AndyH Posted December 4, 2008 Posted December 4, 2008 I wish you got some answers to these questions; I'd like to know what to do as well. People are petrified of linking benefits to a variable bond rate with no cap, in this economy. Anything below the effective rate produces an underfunded plan (without the life raft, err cushion in the first year that is). The exotic 3 year cash balance "bailout" approaches suggested at conferences aren't for everybody.

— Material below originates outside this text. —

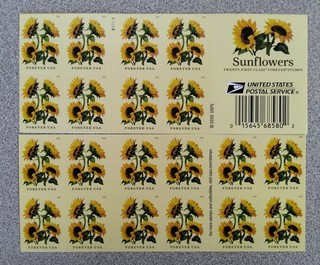 (5) USPS Baby Sunflowers books of 20 Forever Stamps 100 Stamps Value 82.00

quinnfield Posted December 4, 2008 Posted December 4, 2008 in the interest of simplicity, I would stick with the old 96-8 safe harbor rates for 2009. This would result in an interest rate of 4.00% using 30-year TCM and a 2-month lookback. Notice 96-8 states: Under a frontloaded interest credit plan [e.g., a typical cash balance plan] that, for this purpose, specifies a variable index equal to the PBGC immediate rate or the sum of one of the standard indices and a margin not greater than the specified margin associated with that standard index, no impermissible forfeiture would result from projecting that the rate used to determine future interest credits for an employee is no greater than the applicable interest rate under section 417(e)(3), as amended by RPA '94. Thus, if such a plan has been amended to comply with the changes to section 417(e) made by RPA '94, the employee's entire accrued benefit could be distributed in the form of a single sum distribution equal to the employee's hypothetical account balance without violating section 411(a) or 417(e), provided that the plan provides the appropriate annuity conversion factors. Standard Index Associated Margin The discount rate on 3-month Treasury Bills 175 basis points The discount rate on 6-month Treasury Bills or 12- month Treasury Bills 150 basis points The yield on 1-year Treasury Constant Maturities 100 basis points The yield on 2-year Treasury Constant Maturities or 3-year Treasury Constant Maturities 50 basis points The yield on 5-year Treasury Constant Maturities or 7-year Treasury Constant Maturities 25 basis points The yield on 10-year Treasury Constant Maturities or any longer period Treasury Constant Maturities 0 basis points Annual rate of change of the Consumer Price Index 3 percentage points
JAY21 Posted December 4, 2008 Author Posted December 4, 2008 That may not be a bad way to go but since PPA 06 no longer requires 417(e) to be applied to cash-balance accounts (i.e,. can pay out on theoretical account balance) I'm not sure that cite is as relevant as it used to be though no doubt still safe.
Blinky the 3-eyed Fish Posted December 5, 2008 Posted December 5, 2008 Read the CB proposed regs. Using the safe harbor rates in 96-8 is an appropriate options, amongst others. Using a fixed 6% return would be very unadvisable at this stage. "What's in the big salad?" "Big lettuce, big carrots, tomatoes like volleyballs."